Politik kantor memang sangat subyektif dan informal, inilah sebabnya hal itu terasa tetapi sulit diraba dan teraga.

Tahu Apa yang kita Mau

Teman saya, yang bekerja di sebuah perusahaan berukuran sedang merasa bahwa ia juga harus melakukan kegiatan lobby, mengikuti kegiatan-kegiatan minum teh bahkan mempersuasi pengambil keputusan, ketika ia berusaha menjalankan rencana mengubah operating system jaringan informasi di perusahaannya. Melihat bahwa ia benar-benar berjuang demi penggantian system tanpa berniat mendapatkan kedudukan, kedekatan dan power bagi dirinya, saya lantas menanyakan hal apa yang dia bela matia-matian? Dengan santai ia menjawab bahwa yang ia bela adalah sekedar kinerja pribadinya. Tanpa kasak-kusuk, bujuk-membujuk, sikap super baik, dan mendekati orang-orang kunci, ia tahu tidak mungkin ia berhasil menjalankan perubahan yang menyulitkan di perusahaan tanpa adanya dukungan.

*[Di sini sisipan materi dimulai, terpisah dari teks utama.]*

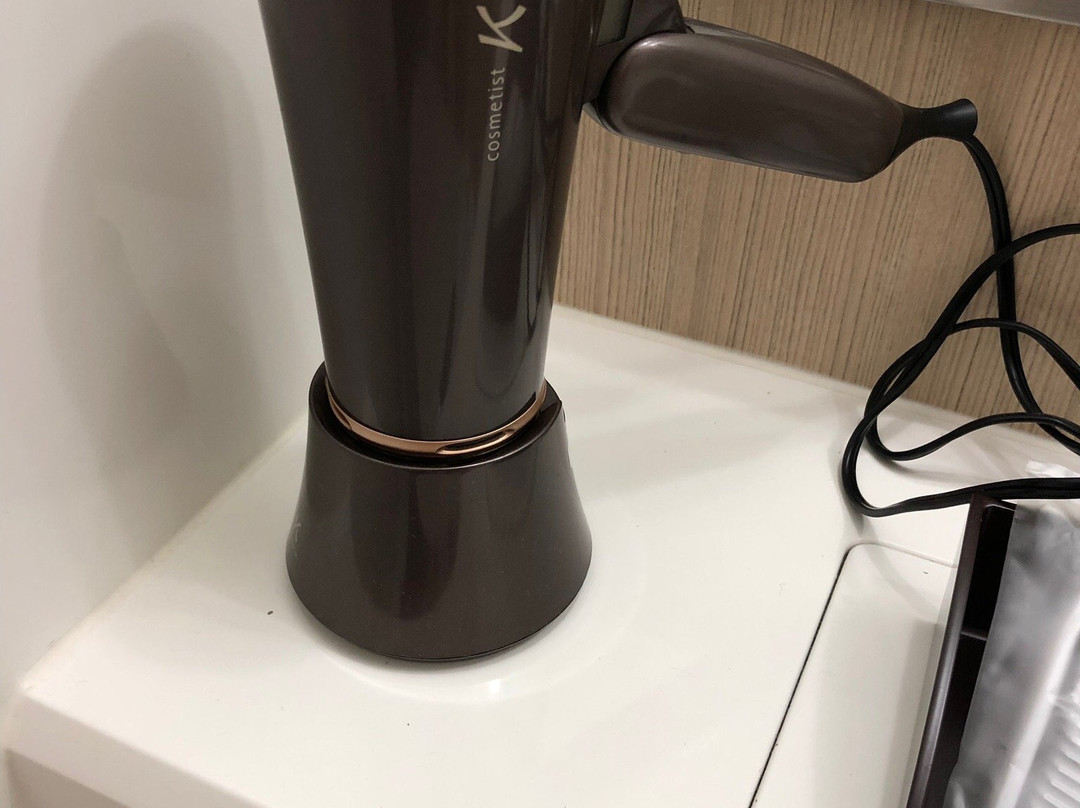 JR-East Hotel Mets Nagaoka主图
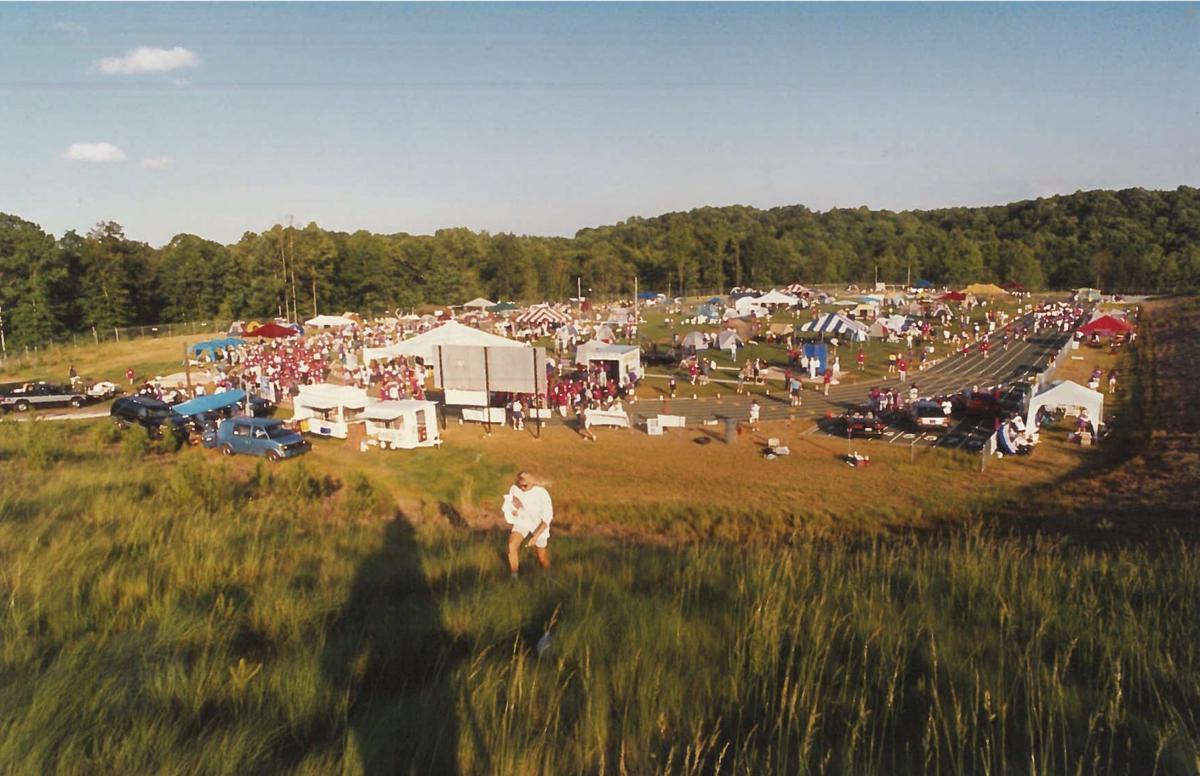 Gwinnett Relay For Life remains a leader as 25th annual ...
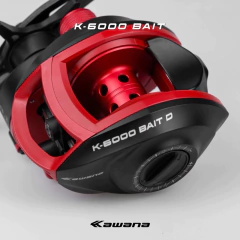 CARRETILHA KAWANA K6000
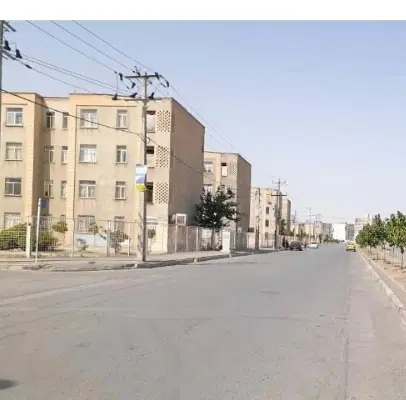 اپارتمان بازسازی ۷۲ متری رهن واجاره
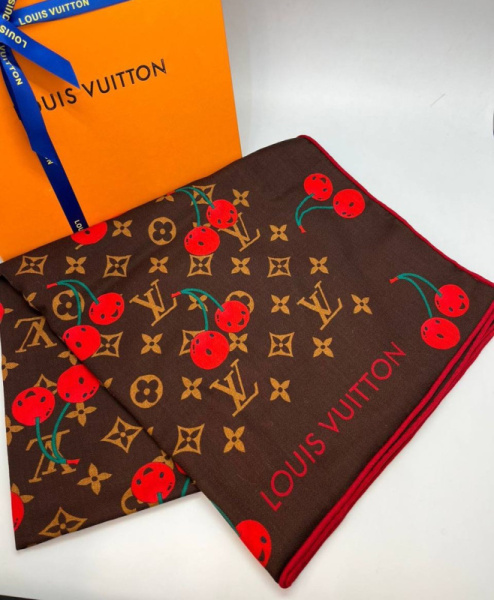 ПЛАТОК LOUIS VUITTON 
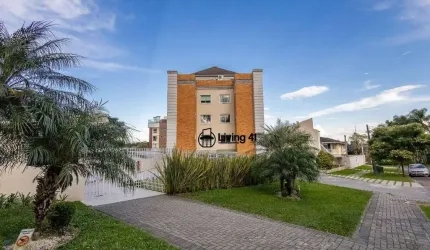 Apartamento com 2 dormitórios à venda, 62 m² por R$ 545.000 - Hugo Lange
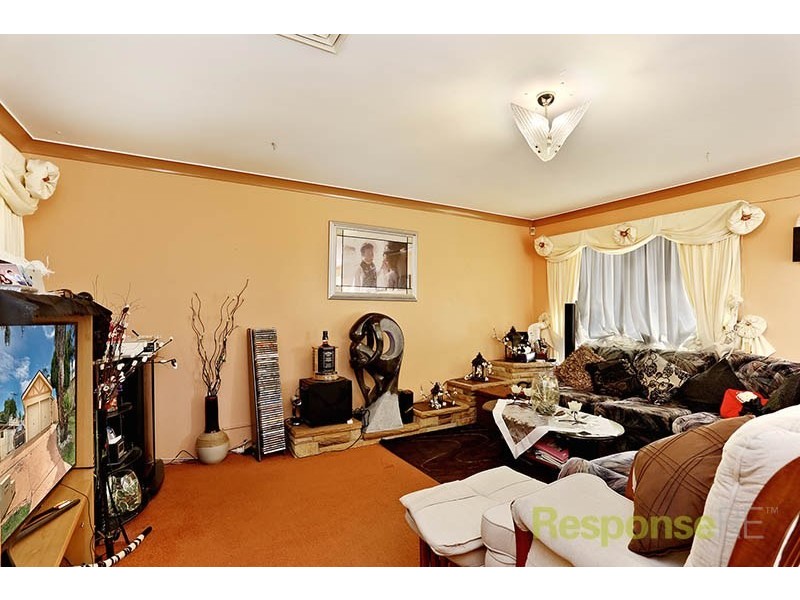 110 Buckwell Drive, Hassall Grove NSW 2761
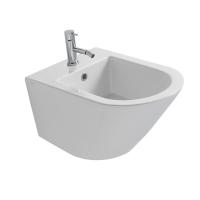 Биде подвесное Globo Forty3 FOS10.BI*1 белый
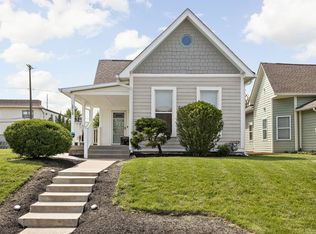 1710 Ruckle St, Indianapolis, IN 46202
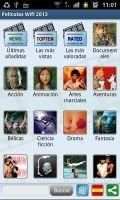 Peliculas Wifi Gratis screenshot 2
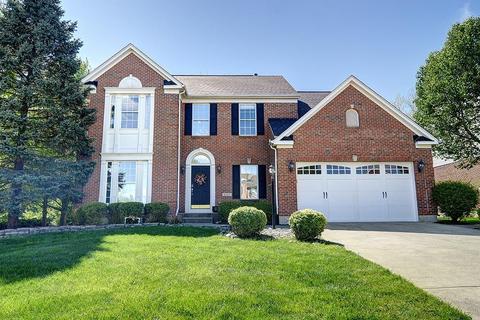 6152 Bugle Ct, Mason, OH 45040 photo 1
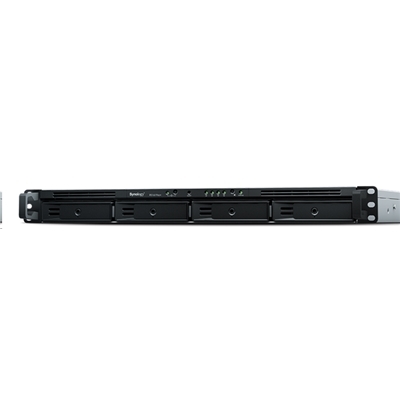 NAS SYNOLOGY RS1619XS+ X4HD 3.5"/2.5" SATA2/3-NO HD-RACK 1U- NAS SYNOLOGY RS1619XS+ X4HD 3.5"/2.5" SATA2/3-NO HD-RACK 1U-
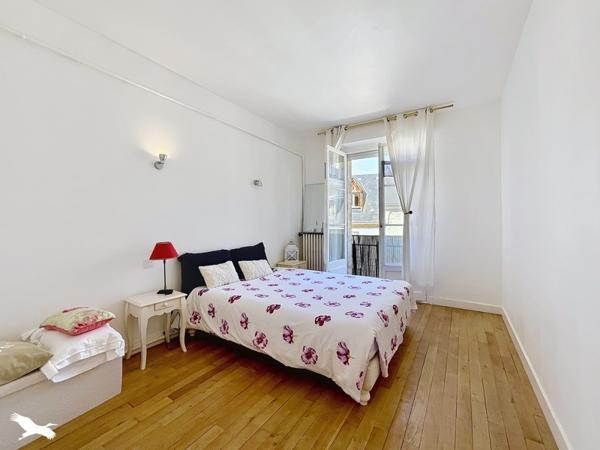 Appartement à vendre 175 643 € Blois 4 p 76 m² DPE D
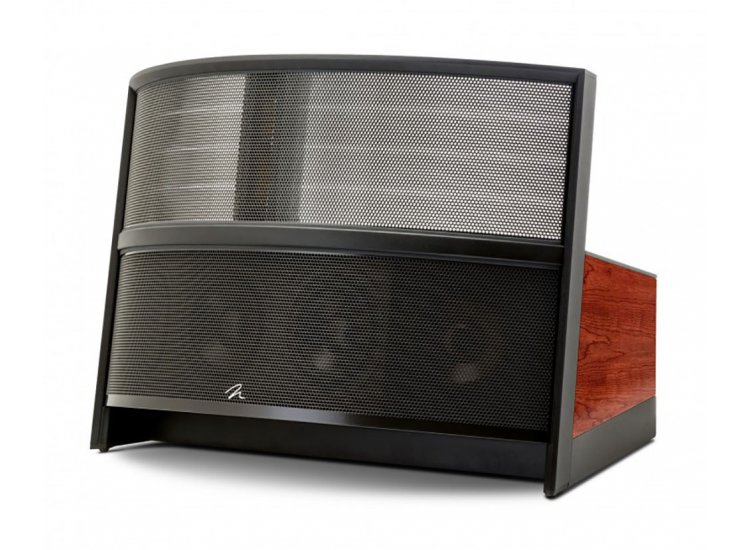 MartinLogan Illusion ESL C34A Dark Cherry Center Channel Speaker (Each)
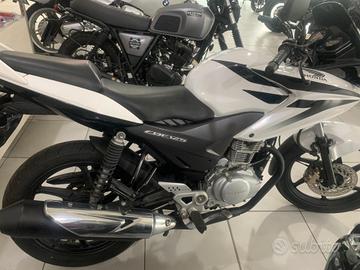 Honda CBF 125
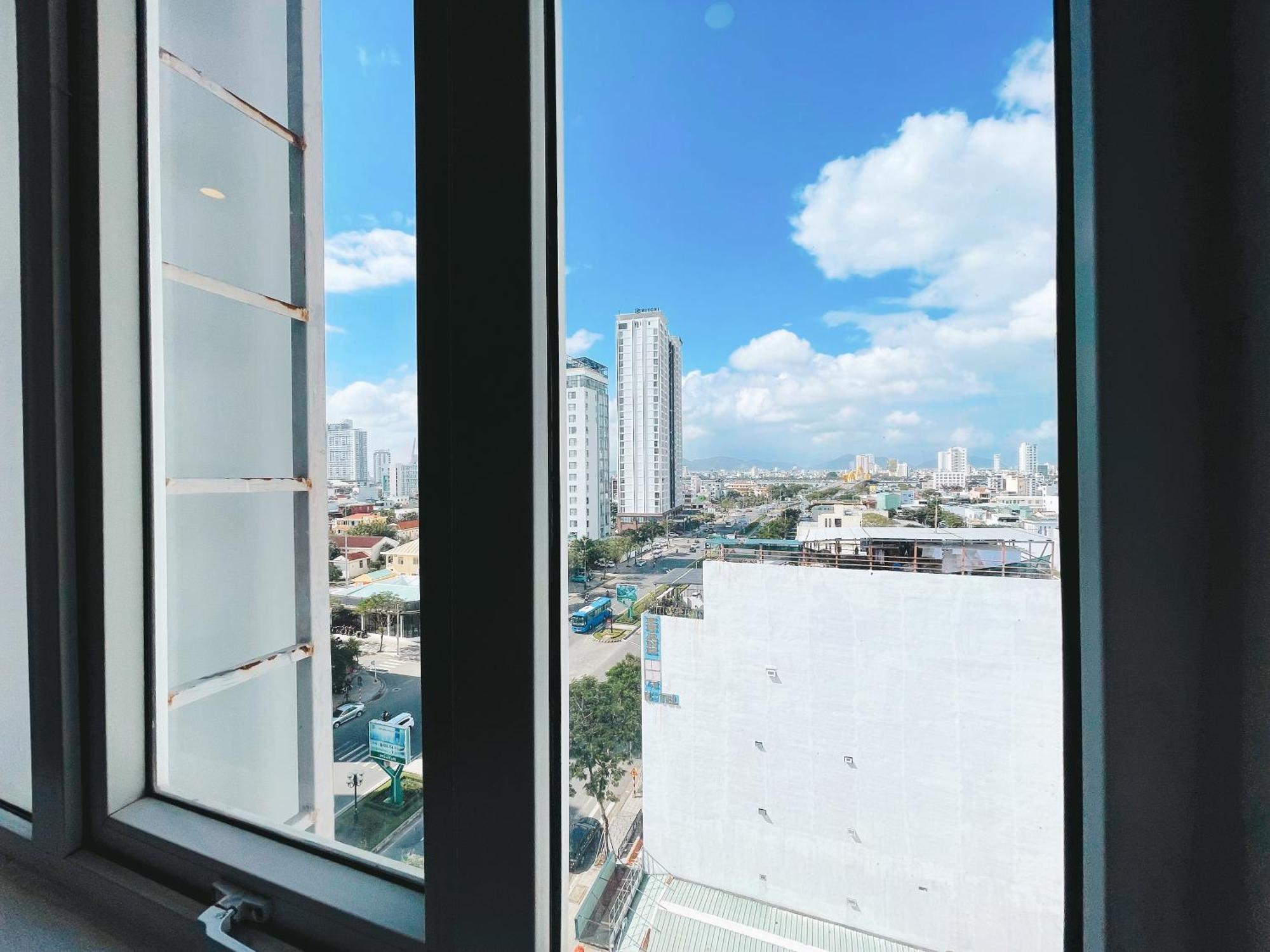 Rivera Boutique Hotel ダナン市 エクステリア 写真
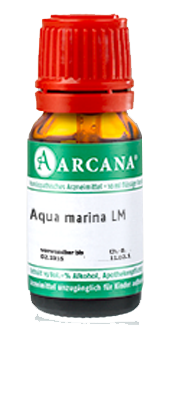 AQUA MARINA LM 4 Dilution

“Sederhananya, saya tidak idealis-idealis amat. Saya tahu bila penerapan system ini gagal, karir saya akan terhambat.”

Untuk survive di lingkungan organisasi, kita memang perlu kuat dan berakar, serta tahu apa yang kita mau. Kita bisa menyasar hal-hal material, kita bisa juga mementingkan karir, kinerja dan peningkatan kompetensi, sementara orang lain ada yang memburu keterlibatannya dalam kelompok tertentu, power atau control terhadap situasi.

Namun, berdiam diri dan berharap bahwa segala sesuatu akan berjalan sesuai dengan system yang ada, memang hampir tidak mungkin.

“Kita perlu tahu di mana pusat kekuatan, siapa orang yang berpengaruh dan bisa memengaruhi lingkungan social. Kita pun perlu bisa me-“licin” kan upaya kita melalui pendekatan,” demikian ungkap teman saya.

Sepanjang kita bersikap fair, tidak manipulatif dan curang, me-lobby, mempersuasi dan berpolitik memang harus dilakukan. Sikap negative seperti yang kita kenal misalnya “system loncat kodok”, menyembah keatas menendang kebawah, tentunya adalah gaya yang tidak anggun dan tidak dilakukan oleh orang yang tahu berpolitik dengan baik.

Bertindak halal tanpa Menghalalkan Segala Cara

Ketika dalam suatu rapat, CEO perusahaan tempat saya bekerja mengumumkan bahwa rekrutmen di perusahaan ini menganut system keluarga dan pertemanan, saya baru memahami bahwa di dalam berorganisasi ada realitas berpolitik yang perlu dicermati. Hal ini menyangkut siapa dekat dengan siapa, siapa mempunyai pandangan yang sama dengan yang mana, siapa pemain kunci dan siapa sekedar pengikut atau penggembira. Jejaring pertemanan yang berdasarkan kedekatan masa kecil, almamater, kesamaan pandangan atau ideology biasanya merupakan lahan berpolitik. Sama seperti strategi perang, berpolitik pun memerlukan pemetaan dan perencanaan yang mapan.

Dari pengamatan para ahli, orang-orang kuat dalam perusahaan dan organisasi biasanya memang bukannya tidak berstrategi, mereka juga “politically savvy”. Orang-orang ini tahu bagaimana berhubungan dengan atasan. Bersamaan dengan upaya itu, seorang tahu berpolitik pasti berupaya untuk selalu “tampil” di rapat-rapat penting, tahu mendekati “orang-orang kunci”, menunjukkan “corporate manners” yg baik dan menampilkan kemampuannya sebagai “team player”.

Berproduksi itu Mutlak, Berpolitik itu cara bergaul

Dalam organisasi apapun, kita hanya bisa eksis bila memiliki kontribusi yang signifikan. Kontribusi yang sudah kita tunjukkan jangan sampai dikotori dengan mempraktekkan cara gaul murahan seperti bergosip, menekan, menyalah gunakan jabatan dan mencari muka tanpa alasan.